The Frist Art Museum’s latest exhibit opens Friday. It’s called “Art and Imagination in Spanish America.” The pieces you see are from 1500 to 1800, but what you hear in this exhibit are decedents of “Spanish America” in 2023.
Walking into the gallery, I’m greeted by a familiar face: La Virgen de Guadalupe.
She’s all decked out, comparatively. I’m used to seeing her on a sun-bleached window sticker on the back of a classmate’s truck in high school. She was on the central bead of a friend’s wooden bracelet in college. A smaller portrait of her hung in the entryway to the only Catholic church in the small Latino community where I reported on agriculture labor issues after graduating.
This depiction of her is larger than life — nearly 7 feet tall and glowing in gold.
“In her gaze, a mosaic of compassion and grace reminds us that love is the utmost universal force,” says the audio track accompanying the piece.
The voice is of Carolina Gruber, an educator in Metro Nashville Public Schools and one of a dozen local Latinos the Frist asked to respond to these pieces.

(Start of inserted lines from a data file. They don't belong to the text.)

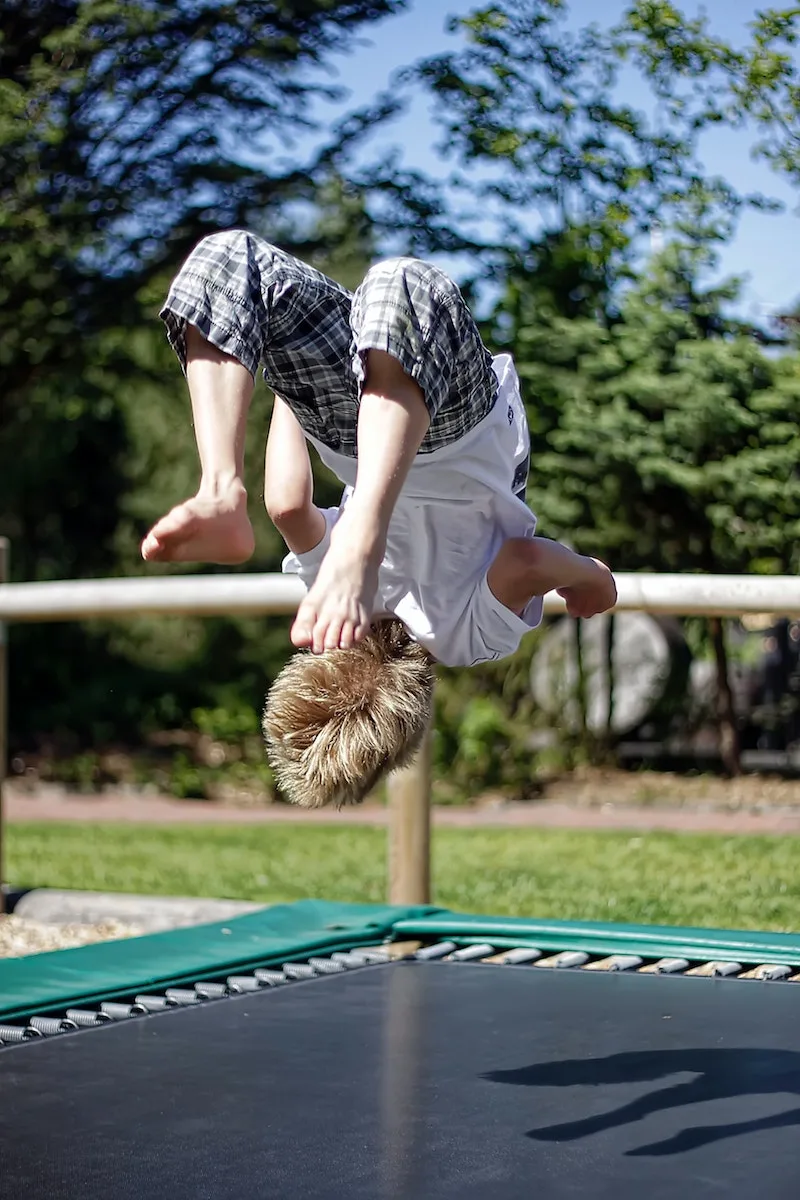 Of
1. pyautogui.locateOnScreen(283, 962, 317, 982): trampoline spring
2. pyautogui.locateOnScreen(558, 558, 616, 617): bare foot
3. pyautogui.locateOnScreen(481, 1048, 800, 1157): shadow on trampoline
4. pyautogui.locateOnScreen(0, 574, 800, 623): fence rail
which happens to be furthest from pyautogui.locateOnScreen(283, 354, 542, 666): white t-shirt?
pyautogui.locateOnScreen(283, 962, 317, 982): trampoline spring

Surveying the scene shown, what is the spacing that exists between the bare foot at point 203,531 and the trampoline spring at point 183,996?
1454 mm

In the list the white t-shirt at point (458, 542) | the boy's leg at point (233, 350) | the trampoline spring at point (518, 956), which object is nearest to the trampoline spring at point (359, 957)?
the trampoline spring at point (518, 956)

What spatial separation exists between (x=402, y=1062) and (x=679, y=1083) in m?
0.48

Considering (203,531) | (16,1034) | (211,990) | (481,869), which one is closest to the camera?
(203,531)

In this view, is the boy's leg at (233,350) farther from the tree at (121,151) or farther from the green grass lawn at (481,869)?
the tree at (121,151)

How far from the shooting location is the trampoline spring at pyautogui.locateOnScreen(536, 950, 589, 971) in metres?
3.45

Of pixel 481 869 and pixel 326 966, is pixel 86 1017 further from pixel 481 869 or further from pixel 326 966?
pixel 481 869

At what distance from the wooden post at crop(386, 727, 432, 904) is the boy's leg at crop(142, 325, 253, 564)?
6.47ft

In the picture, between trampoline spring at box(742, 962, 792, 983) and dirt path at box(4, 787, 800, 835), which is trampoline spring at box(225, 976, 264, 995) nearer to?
trampoline spring at box(742, 962, 792, 983)

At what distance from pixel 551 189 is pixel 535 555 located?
17.4 ft

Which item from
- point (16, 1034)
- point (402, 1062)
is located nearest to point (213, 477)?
point (402, 1062)

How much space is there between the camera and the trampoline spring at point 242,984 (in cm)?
321

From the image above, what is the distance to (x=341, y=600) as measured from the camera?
1.79 m

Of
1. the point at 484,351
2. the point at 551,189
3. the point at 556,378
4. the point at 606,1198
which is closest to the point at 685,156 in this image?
the point at 551,189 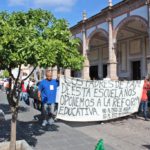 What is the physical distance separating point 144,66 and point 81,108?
659 inches

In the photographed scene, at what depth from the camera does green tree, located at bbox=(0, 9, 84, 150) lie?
17.3ft

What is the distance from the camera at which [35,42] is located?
17.2ft

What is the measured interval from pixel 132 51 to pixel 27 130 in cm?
2078

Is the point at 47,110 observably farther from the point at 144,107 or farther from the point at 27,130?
the point at 144,107

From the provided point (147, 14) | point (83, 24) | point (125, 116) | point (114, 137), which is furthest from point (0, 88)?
point (114, 137)

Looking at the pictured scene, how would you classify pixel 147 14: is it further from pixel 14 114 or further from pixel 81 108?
pixel 14 114

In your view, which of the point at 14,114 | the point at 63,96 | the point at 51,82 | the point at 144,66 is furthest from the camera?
the point at 144,66

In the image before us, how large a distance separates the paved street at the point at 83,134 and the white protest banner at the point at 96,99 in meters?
0.30

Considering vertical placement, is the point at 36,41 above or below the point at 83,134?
above

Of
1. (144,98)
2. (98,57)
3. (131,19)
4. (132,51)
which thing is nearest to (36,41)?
(144,98)

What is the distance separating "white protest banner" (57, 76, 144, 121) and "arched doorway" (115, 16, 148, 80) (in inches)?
558

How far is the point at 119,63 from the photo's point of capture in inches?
1201

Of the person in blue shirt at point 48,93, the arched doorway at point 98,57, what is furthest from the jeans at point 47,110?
the arched doorway at point 98,57

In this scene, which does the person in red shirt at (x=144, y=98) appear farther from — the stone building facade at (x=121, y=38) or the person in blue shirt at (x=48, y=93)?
the stone building facade at (x=121, y=38) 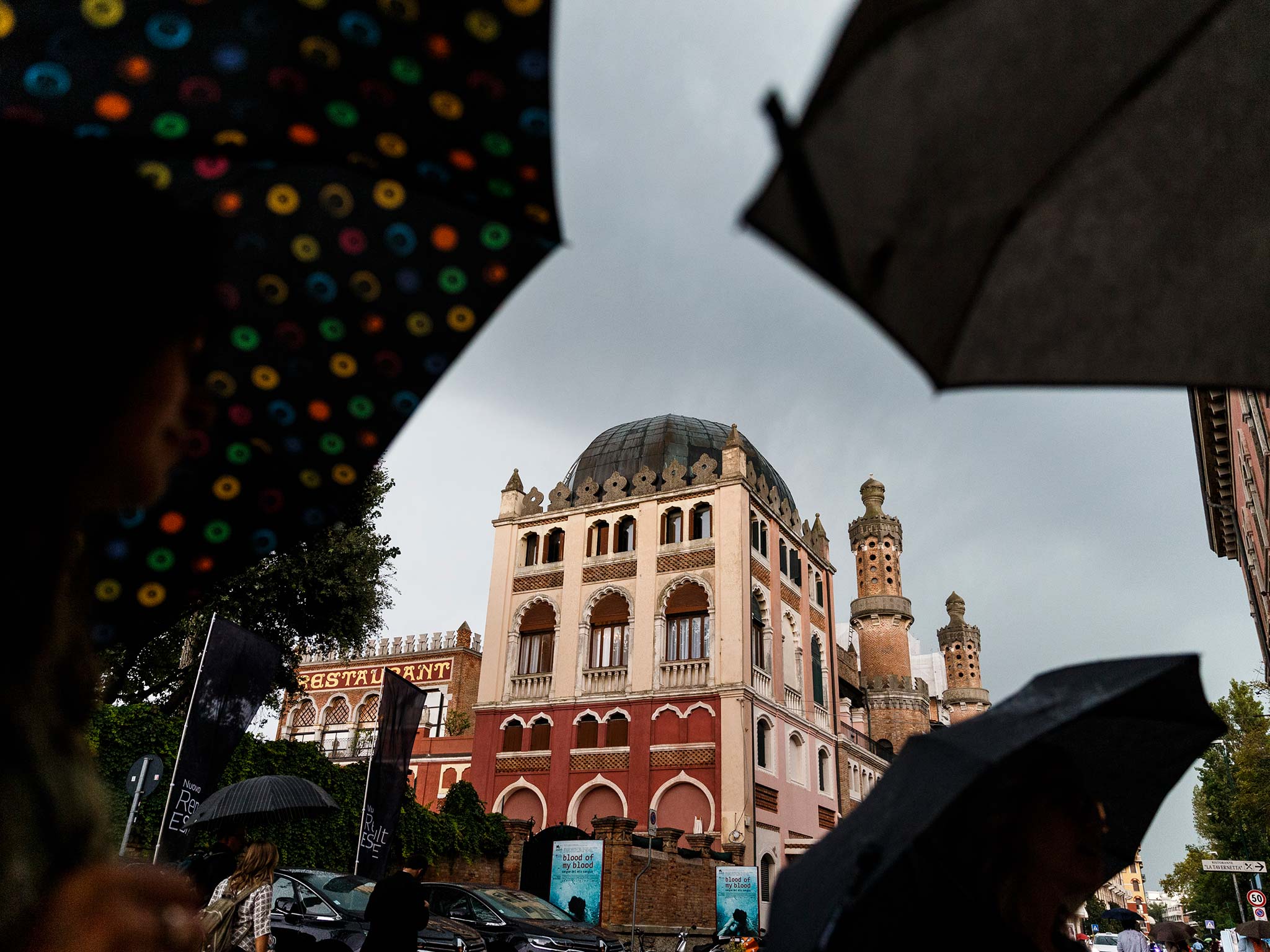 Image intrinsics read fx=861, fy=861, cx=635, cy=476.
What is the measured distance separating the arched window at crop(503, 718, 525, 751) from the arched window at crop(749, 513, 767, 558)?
35.8 feet

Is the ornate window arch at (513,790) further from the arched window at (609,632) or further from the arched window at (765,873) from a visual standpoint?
the arched window at (765,873)

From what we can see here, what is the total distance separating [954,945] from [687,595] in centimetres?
3008

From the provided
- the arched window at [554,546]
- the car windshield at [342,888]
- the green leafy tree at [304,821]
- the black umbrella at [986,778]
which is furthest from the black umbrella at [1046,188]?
the arched window at [554,546]

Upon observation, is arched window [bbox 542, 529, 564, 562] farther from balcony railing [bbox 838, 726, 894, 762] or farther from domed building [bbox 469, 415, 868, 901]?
balcony railing [bbox 838, 726, 894, 762]

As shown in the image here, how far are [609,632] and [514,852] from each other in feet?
31.2

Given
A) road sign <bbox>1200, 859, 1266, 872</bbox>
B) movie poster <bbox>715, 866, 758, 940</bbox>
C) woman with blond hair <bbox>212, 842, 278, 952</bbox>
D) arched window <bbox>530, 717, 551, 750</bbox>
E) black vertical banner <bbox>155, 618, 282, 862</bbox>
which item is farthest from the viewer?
arched window <bbox>530, 717, 551, 750</bbox>

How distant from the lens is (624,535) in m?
33.8

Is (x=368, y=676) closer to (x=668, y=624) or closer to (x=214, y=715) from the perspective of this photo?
(x=668, y=624)

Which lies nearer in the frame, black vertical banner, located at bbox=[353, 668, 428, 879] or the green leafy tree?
black vertical banner, located at bbox=[353, 668, 428, 879]

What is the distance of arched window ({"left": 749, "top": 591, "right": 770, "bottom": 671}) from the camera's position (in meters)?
30.8

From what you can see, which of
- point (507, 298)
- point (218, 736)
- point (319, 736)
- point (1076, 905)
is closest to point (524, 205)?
point (507, 298)

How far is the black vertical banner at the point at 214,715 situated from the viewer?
9.27 m

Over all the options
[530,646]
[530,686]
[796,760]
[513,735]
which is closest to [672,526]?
[530,646]

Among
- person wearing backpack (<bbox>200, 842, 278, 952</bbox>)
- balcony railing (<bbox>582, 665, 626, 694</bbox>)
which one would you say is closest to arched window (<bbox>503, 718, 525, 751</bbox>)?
balcony railing (<bbox>582, 665, 626, 694</bbox>) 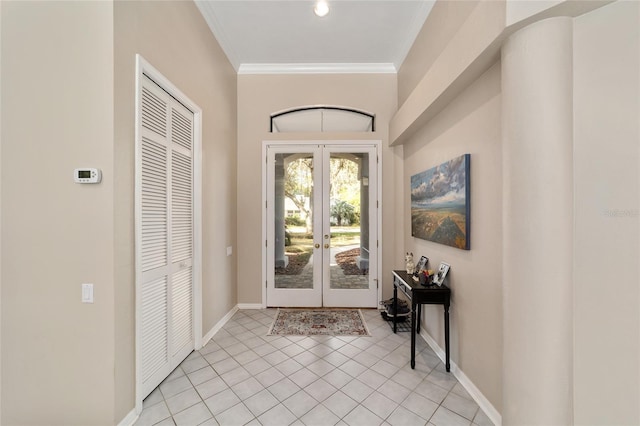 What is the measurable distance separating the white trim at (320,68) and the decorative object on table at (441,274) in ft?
10.1

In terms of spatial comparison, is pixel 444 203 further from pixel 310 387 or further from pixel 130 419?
pixel 130 419

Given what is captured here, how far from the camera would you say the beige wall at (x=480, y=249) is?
179 centimetres

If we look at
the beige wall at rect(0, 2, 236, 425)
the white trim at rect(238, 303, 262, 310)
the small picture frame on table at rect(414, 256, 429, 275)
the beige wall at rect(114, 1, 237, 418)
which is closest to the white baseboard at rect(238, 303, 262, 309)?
the white trim at rect(238, 303, 262, 310)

“It is in the virgin’s tender eyes where the true enigma lies. For, within their depth, galaxies unfurl…”
There are QR codes scattered across the exhibit where you can scan to hear similar reactions to Carolina’s.
Meagan Rust is the Frist’s interpretation director who headed up this accompaniment project.
“For this show, the works created between 1500 and 1800 and a very specific context — Spain coming to the Americas, colonizing the region … we realized that the works could have a very different interpretation and response from our community today.”
I can see that in the mood change, as the tour group led by Ilona Katzew rounds the corner to a biombo — a folding screen, like the kind you’d change clothes behind.
Some in the group frown at how idyllic the scene of colonization is portrayed in the painting. Ilona, who is the Los Angeles County Museum of Art’s curator and director of Latin American art, explains: “It depicts an indigenous wedding. You have the indigenous couple leaving the church on the right side and being greeted by a number of performances that hark back to ancient times but were performed in the Spanish colonial period as well.”
There’s the Danza de Los Voladores — where men swing from a tall pole by a rope around one ankle. It takes a tremendous amount of strength and dexterity. And you see that — the awe almost — from those in the far left corner: the Spaniards.
“I do think that this is the kind of imagery that was sent back oftentimes to Europe to show how the two repúblicas — Repúblicas Hispañolas y República de Indios — were coexisting together. And, at the end of the day, it’s this kind of union that allowed the political entity that was New Spain to exist.”
It likely allowed me to exist, I realize.
This scene was painted in late 1600s Mexico, but across the gulf and Caribbean Sea, how different were my Taino ancestors’ interactions with the Spaniards at this time? As they renamed our island of Borikén — “Puerto Rico”?
Another Nashville Latino who answered Frist’s call for reactions is José Cárdenas Bunsen, a professor at Vanderbilt University.
“This screen captures the transformation and survival of indigenous cultures under colonial rule,” he said.
It’s easy to walk through this exhibit a bit disheartened despite all the beautiful art. History is told by the victor, after all, or at least commissioned.
That comes up at the end though, when someone asks Ilona Katzew where the brutality of colonialism is addressed in art.
Her answer is, essentially, here — all around us — as she gestures to a nearby communion chalice.
When the Los Angeles museum took this piece made by indigenous artists apart and reassembled it, they discovered a silver plate hiding in the base — on it, was a conquistador’s severed head with a sword run through it.
“Art and Imagination in Spanish America” will be at the Frist through Jan. 28, 2024.